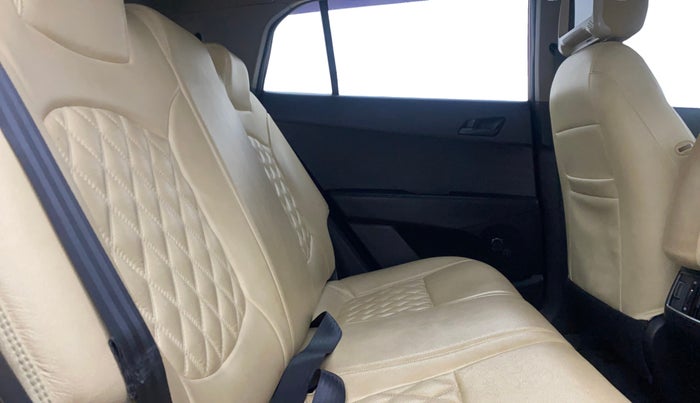 2017 Hyundai Creta E PLUS 1.6 PETROL, Petrol, Manual, 80,850 km, Right Side Rear Door Cabin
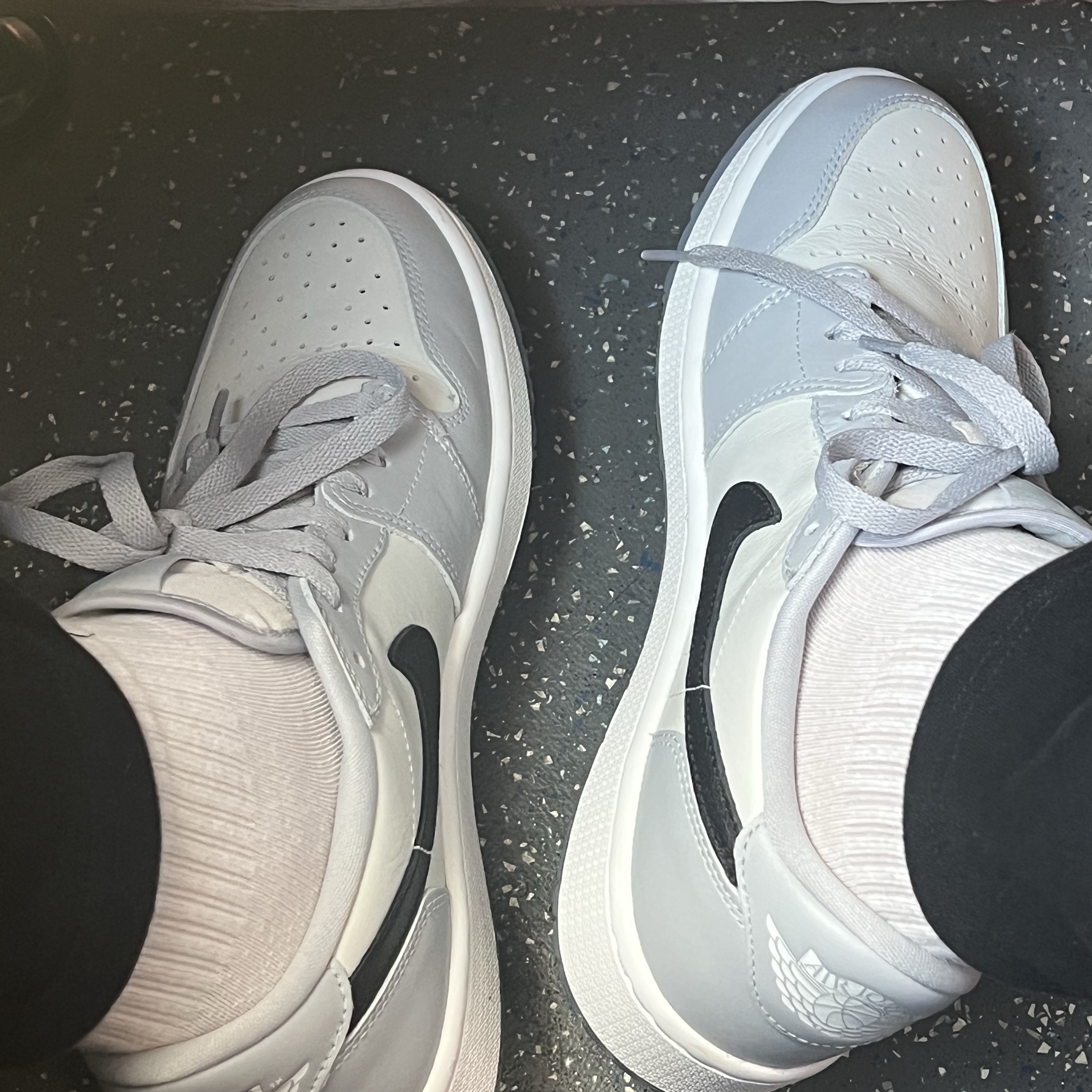 Jordan 1 Low Golf Wolf Grey 착용 스타일 - 2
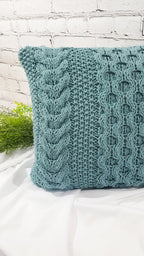 Kissen gestricktes Zopfmuster, Wohnkultur, Dekokissen, Sofakissen, skandinavisches Dekor, aus Baumwollgarn von hoooked, grobstrick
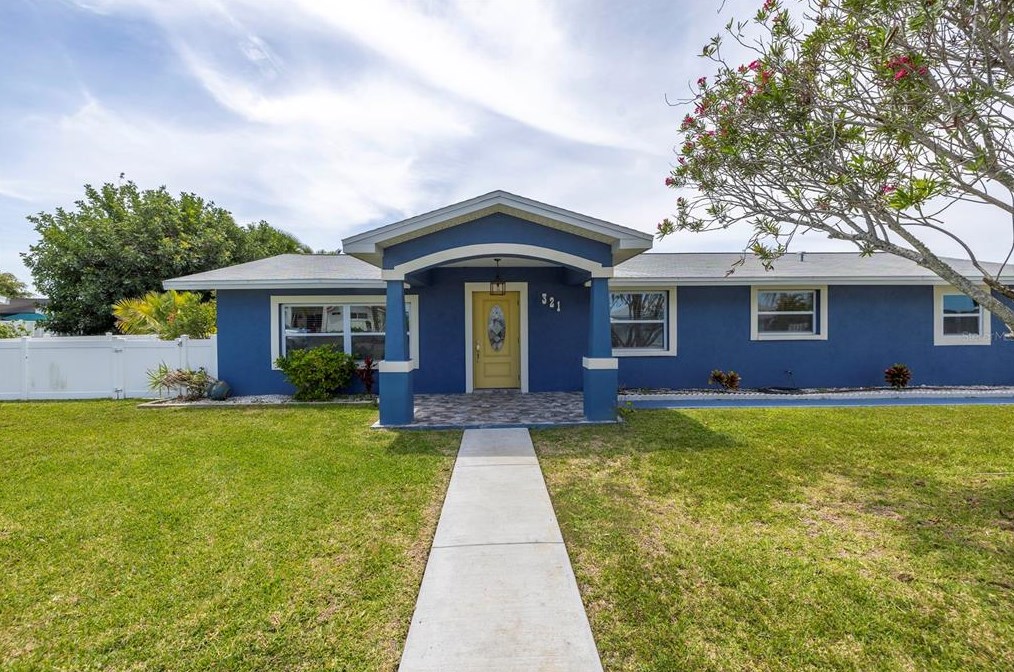 321 176th Ave Cir, Saint Petersburg, FL 33708
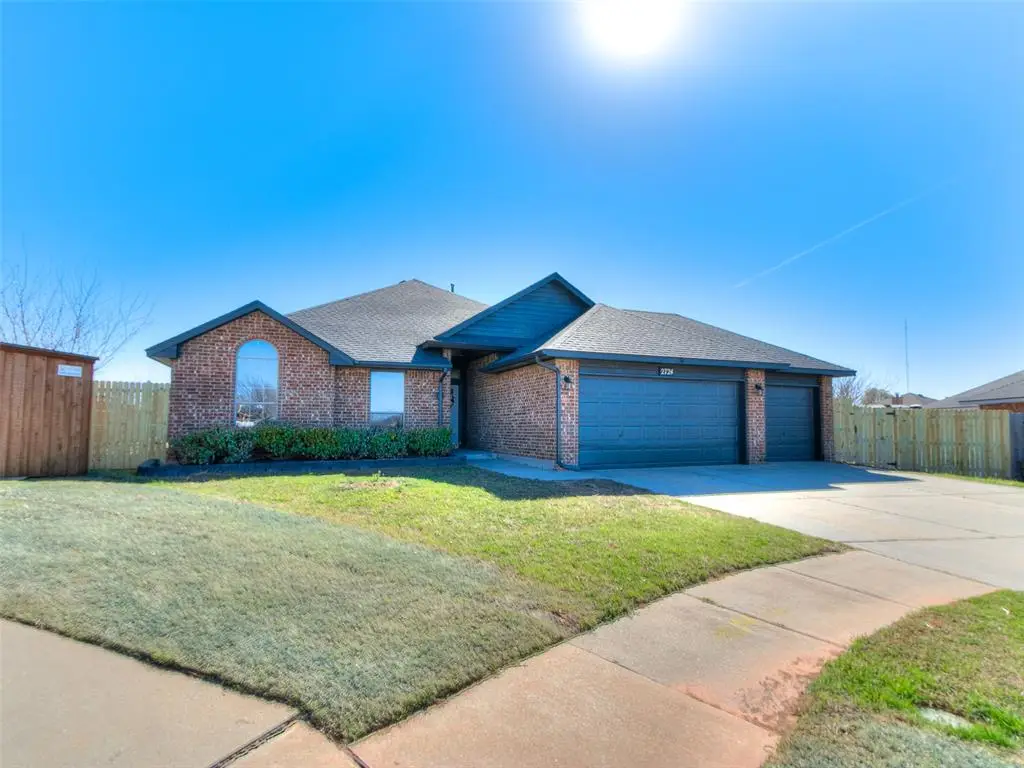 2724 SE 92nd Circle, Moore, OK 73160 - #1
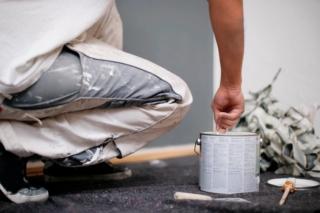 La piattaforma online Instapro di servizi per la casa consiglia di rivolgersi sempre a un professionista del settore, serio e preparato, chiedendo uno o più preventivi. Un modo per ottenere un risultato ben fatto e un confronto reale sul tipo di lavoro necessario e sull’effetto estetico finale.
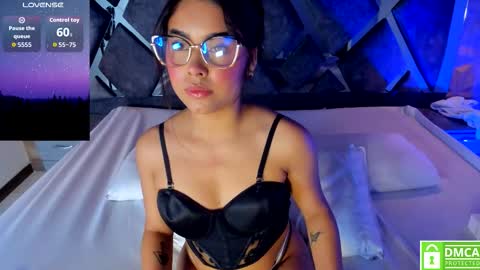 Snapshot of rose_evans__ chatting on 4, 12, 2025 Rose online show from 4, 12, 2025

• • • • • • •

**PROBLEM REQUIREMENTS**:
Beginning with the line containing "321 176th Ave" and ending with the last line of the data above, repeat each line exactly. Include no pictures and no other lines.

**WRITTEN REPLY**:
 321 176th Ave Cir, Saint Petersburg, FL 33708
 2724 SE 92nd Circle, Moore, OK 73160 - #1
 La piattaforma online Instapro di servizi per la casa consiglia di rivolgersi sempre a un professionista del settore, serio e preparato, chiedendo uno o più preventivi. Un modo per ottenere un risultato ben fatto e un confronto reale sul tipo di lavoro necessario e sull’effetto estetico finale.
 Snapshot of rose_evans__ chatting on 4, 12, 2025 Rose online show from 4, 12, 2025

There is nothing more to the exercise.